4.5 recv / send and the flags
ssize_t recv(int fd, void *buf, size_t n, int flags);
ssize_t send(int fd, const void *buf, size_t n, int flags);
| Flag | Meaning |
|---|---|
| MSG_DONTWAIT | this call only: non-blocking |
| MSG_PEEK | look at the data without consuming it |
| MSG_WAITALL | don't return until the full n bytes arrived |
| MSG_OOB | send/receive out-of-band (urgent) byte |
| MSG_DONTROUTE | bypass routing (direct LAN) |
4.6 Scatter/gather: readv & writev
struct iovec { void *iov_base; size_t iov_len; };
ssize_t writev(int fd, const struct iovec *iov, int iovcnt);
ssize_t readv (int fd, const struct iovec *iov, int iovcnt);
One atomic call gathers from / scatters to multiple buffers — e.g. write a header struct + payload without copying them together and without two writes (which Nagle + delayed-ACK would punish). writev is the clean cure for the header/body problem.
4.7 recvmsg / sendmsg & ancillary data — the most general I/O
struct msghdr {
void *msg_name; /* address (like sendto/recvfrom) */
socklen_t msg_namelen;
struct iovec *msg_iov; /* scatter/gather (like readv) */
int msg_iovlen;
void *msg_control; /* ANCILLARY DATA */
socklen_t msg_controllen;
int msg_flags; /* returned flags */
};
These two subsume all the other I/O calls (read/write/readv/writev/recv/send/recvfrom/sendto are special cases). Ancillary (control) data — cmsghdr records in msg_control — carries the exotic payloads:
- descriptor passing (SCM_RIGHTS): send an open file descriptor to another process over a Unix-domain socket — how preforked servers hand connections around;
- credentials (SCM_CREDENTIALS);
- packet metadata: receiving interface & destination address of a UDP datagram (IP_RECVDSTADDR / IP_PKTINFO — needed by multihomed UDP servers), TTL, IPv6 hop limit.

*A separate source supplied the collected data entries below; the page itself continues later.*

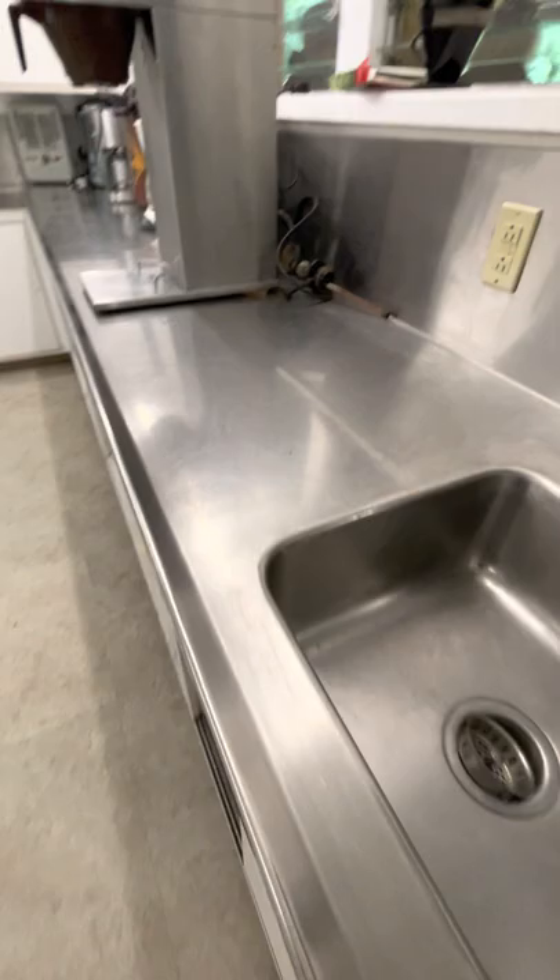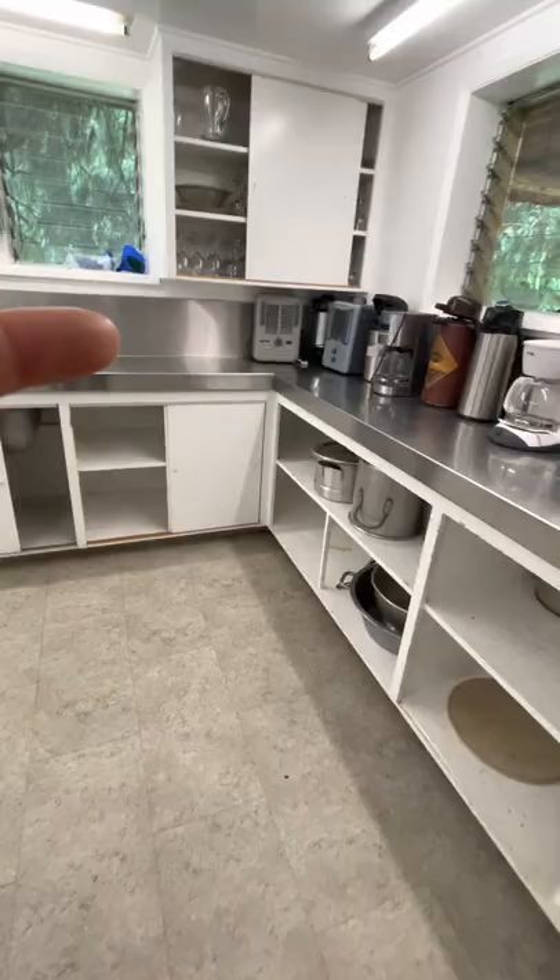Doing a quick walk-through in here — this is one counter with the coffee setup. Looks like there are wine glasses, tons of dishes, a freezer, and two fridges.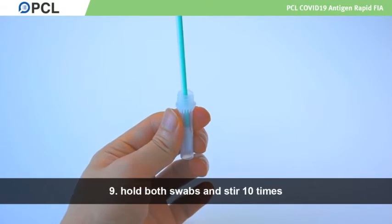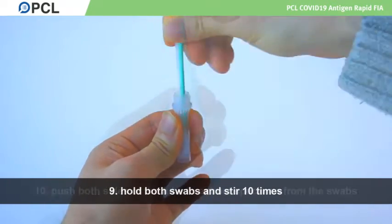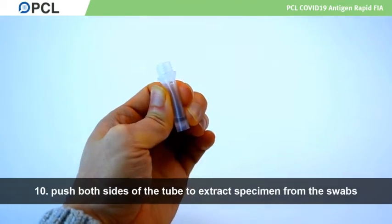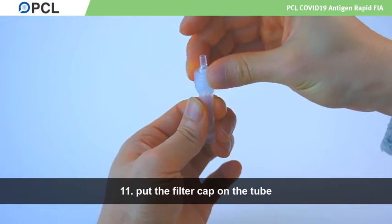Hold both swabs and stir ten times. When pulling the swabs out of the tube, push both sides of the tube to extract the last bits of specimen from the swabs. Put the filter cap on the tube.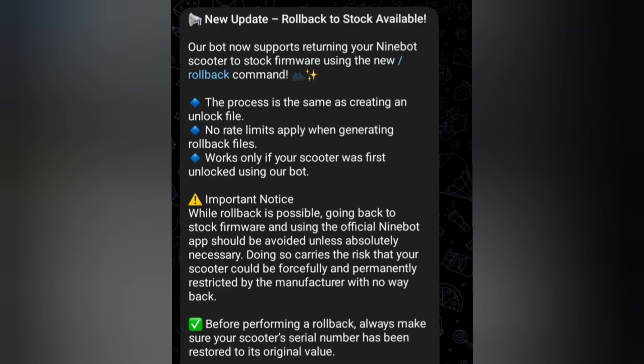It works only if your scooter was first unlocked using our bot — so if you have Xiaomi Dash and want to create some files, it will not work. Important notice: while rollback is possible, going back to stock firmware and using the official Ninebot app should be avoided unless absolutely necessary. Doing so carries the risk that your scooter could be forcefully and permanently restricted by the manufacturer with no way back. That's why I will not update it and connect it — especially not to the Segway servers.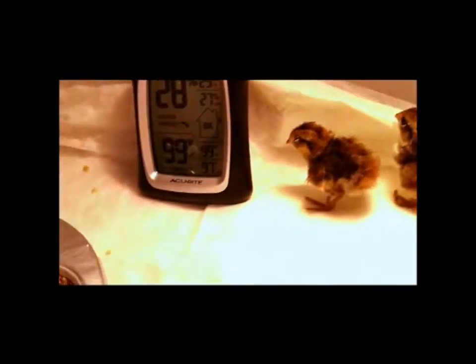These quail were just born today. They were incubated for 20 days. They are healthy. Keeping the light on at 99 degrees.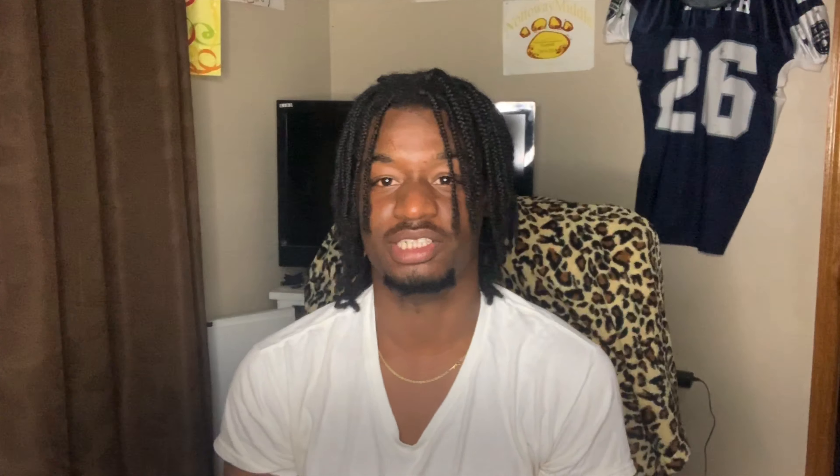We're back with another one. If you're new, please like, comment, and subscribe — you ain't gonna regret it. I told y'all if I got 300 views I'd drop another video next week, and this is the week. I'm dropping a video tomorrow on Thursday.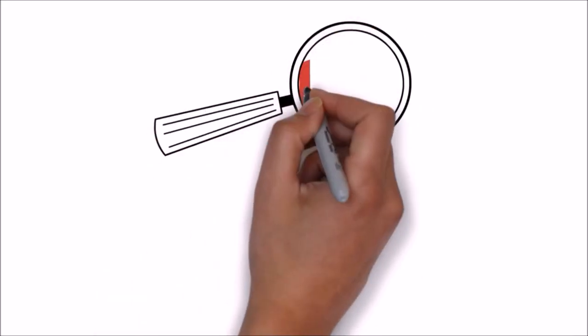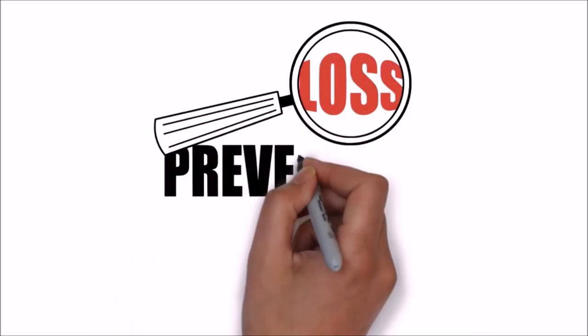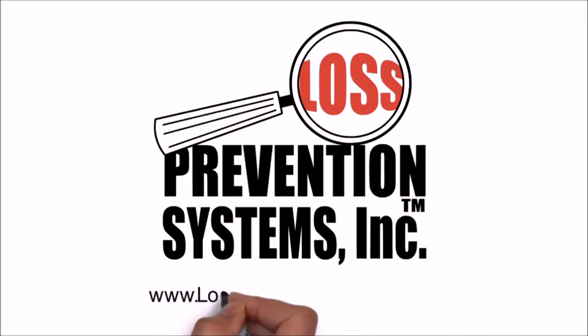For more information on the Sensormatic Magnetic Accessory Tag and all other related products, visit our website at www.losspreventionsystems.com.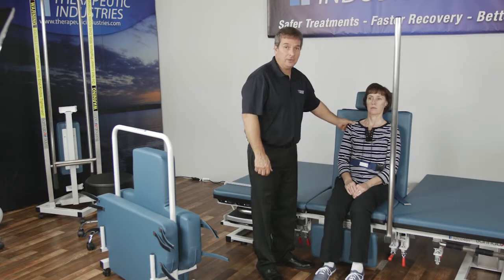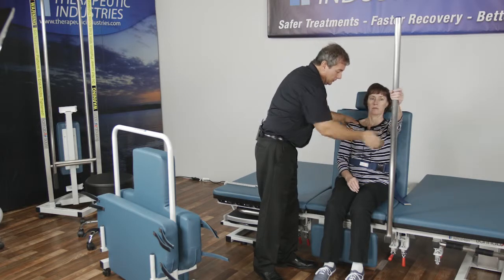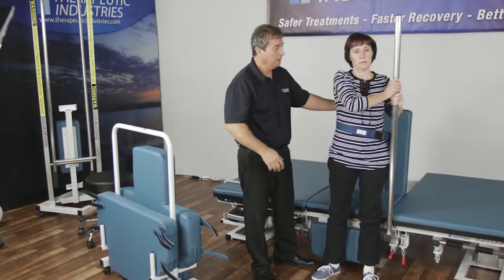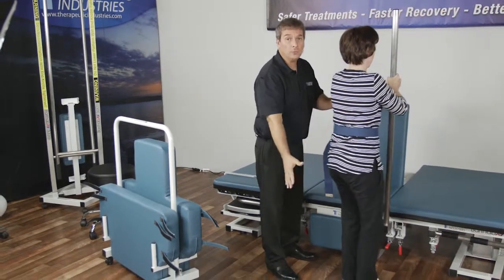Now that we have the patient here we can show them how to reach up to the standing pole, pull themselves up to standing position, and pivot so they can sit on their wheelchair.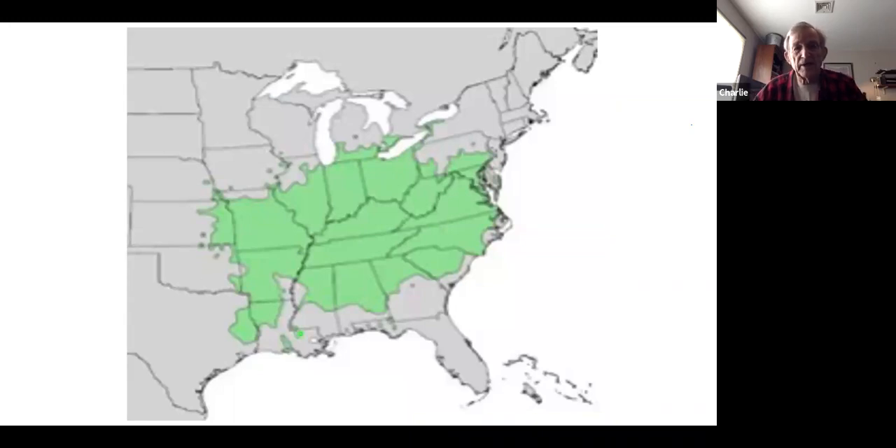Before getting into seed germination, just a few things in general about pawpaws. This slide shows the native distribution of the pawpaw. The eastern range extends just into New Jersey — there are reports of natural stands along the Delaware. The northern range goes into Ontario, making it a very cold-hardy plant, good down to zone five. Going west it extends into Kansas, and the southern border is down into Louisiana, Alabama, Georgia, and South Carolina.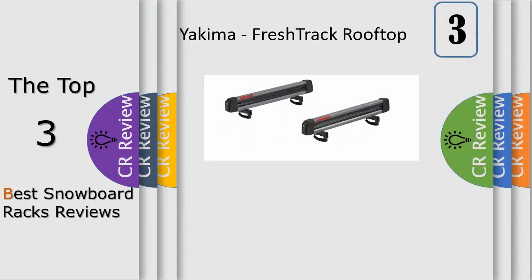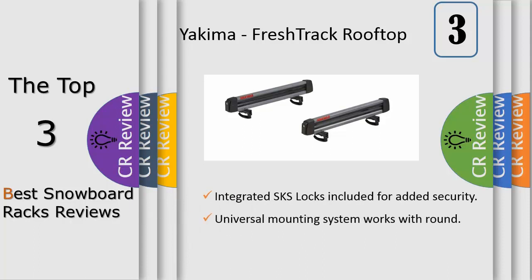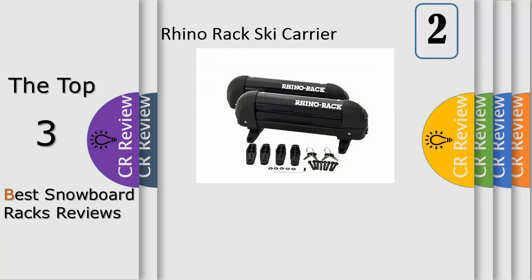Perfect for family weekends or ditching work on a powder day, the Yakima FreshTrack is made for loading up and finding first tracks. Wide enough for a couple of boards or four pairs of skis, it's simple to mount on virtually any roof rack — no tools needed and super easy to use. One-button access allows gloved-hand operation, and the built-in SKS lock secures your gear.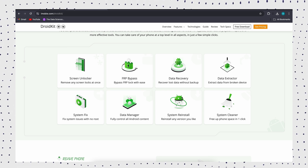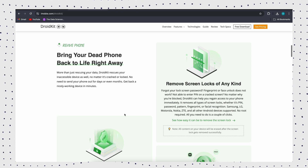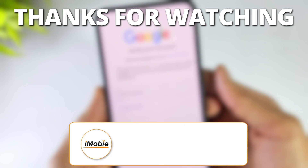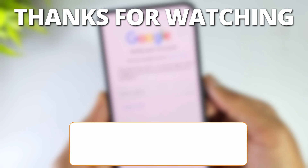That's all. DroidKit is definitely a hassle-free solution, ideal for those looking for a quick and efficient way to bypass the FRP lock on their Motorola phone. If this video helped you, give it a thumbs up and share it with your friends. Don't forget to subscribe for more tech tips and tutorials. See you next time.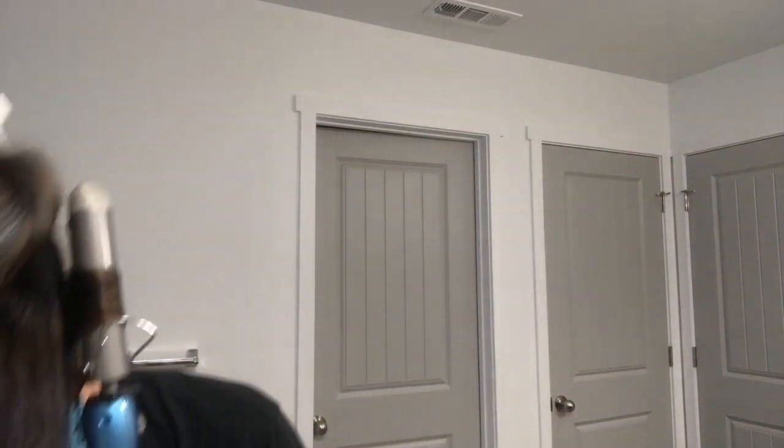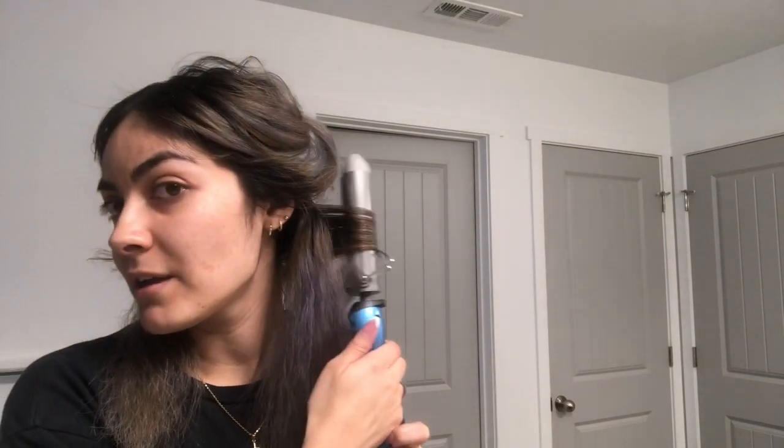I just part my hair in half, grab a section from the very back, make sure it's completely combed out, and then curl away from the face. I go ahead and start curling like this — wait a couple seconds, drag it, curl it back, wait a couple seconds, drag it, curl it back, and then let it go.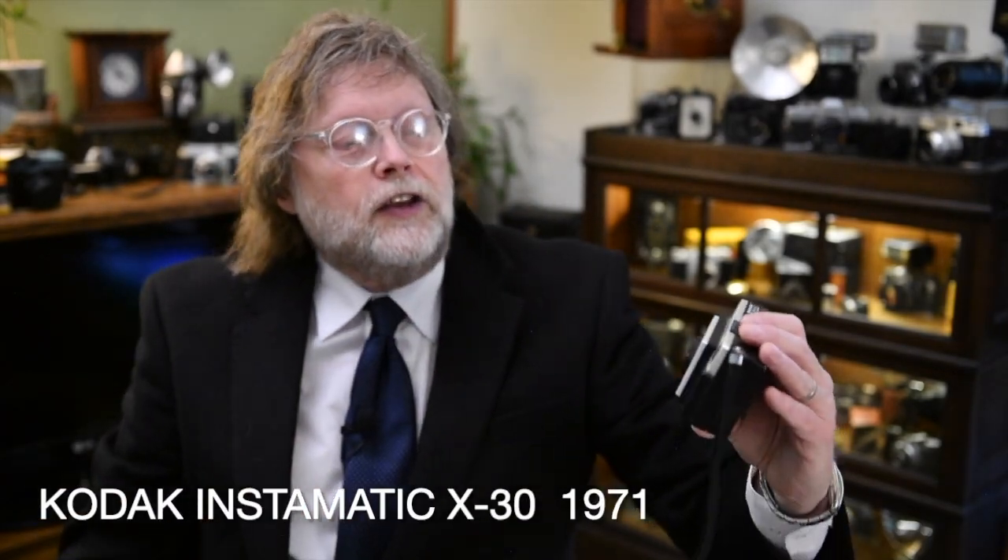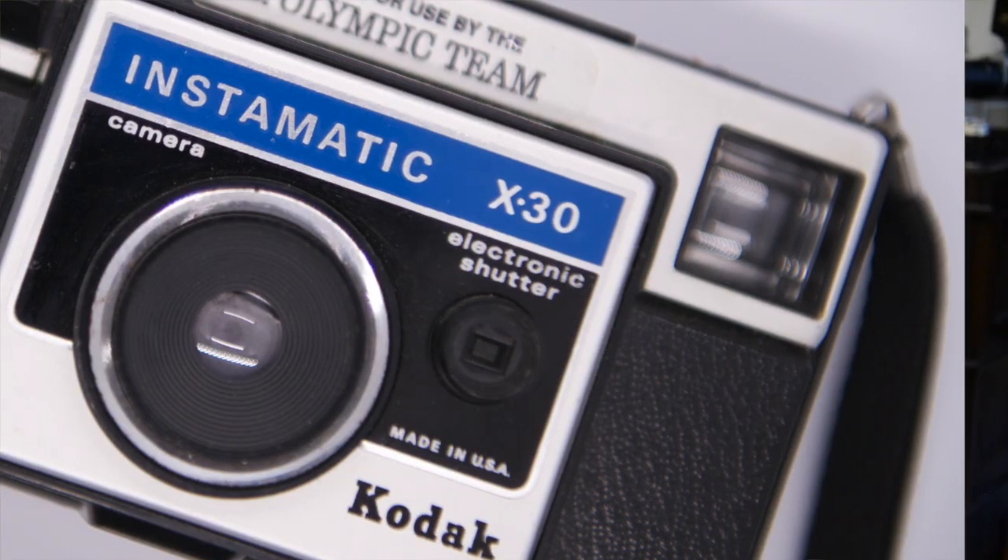They've been making Instamatics for a while, but we'll go back to some of the old ones later. Now we're moving up to 1971 — this Instamatic is the X30, again with a more space-age name. What was different about this one? Well, it has an electric eye.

4.8 How much data is queued? — and sockets vs stdio
To learn how much is readable without reading: MSG_PEEK (with MSG_DONTWAIT), or ioctl(fd, FIONREAD, &n). And a hard-won warning: don't mix stdio (fprintf/fgets) with sockets — stdio's own buffering (line-buffered terminal vs fully-buffered elsewhere) interleaves unpredictably with the socket stream; classic deadlocks result. Use read/write/readn/writen on sockets, full stop.
4.9 SO_LINGER, all three settings traced
The linger struct controls what close() means — three behaviours, one struct:
struct linger {
int l_onoff; /* 0 = off, nonzero = on */
int l_linger; /* seconds, when on */
};
| Setting | What close() does | What goes on the wire | When you'd want it |
|---|---|---|---|
| off (default) | returns immediately; kernel keeps trying to deliver buffered data, then FIN | data... FIN | almost always |
| on, l_linger = 0 | returns immediately; connection aborted | RST; buffered data in both directions discarded; no TIME_WAIT! | deliberately killing misbehaving peers; load-test tools avoiding TIME_WAIT exhaustion |
| on, l_linger = N | blocks up to N seconds until data is delivered and ACKed (or times out → EWOULDBLOCK) | data... FIN, but the application waits for it | when the app must know delivery happened before proceeding |
Two examiner-grade footnotes: even the lingering close only confirms the peer's TCP ACKed the data — not that the peer application read it (only an application-level acknowledgement can promise that — the deep reason application protocols have their own confirmations); and skipping TIME_WAIT via the RST trick sacrifices exactly the protections TIME_WAIT exists for (lesson 1's two reasons) — name that trade-off whenever you mention it.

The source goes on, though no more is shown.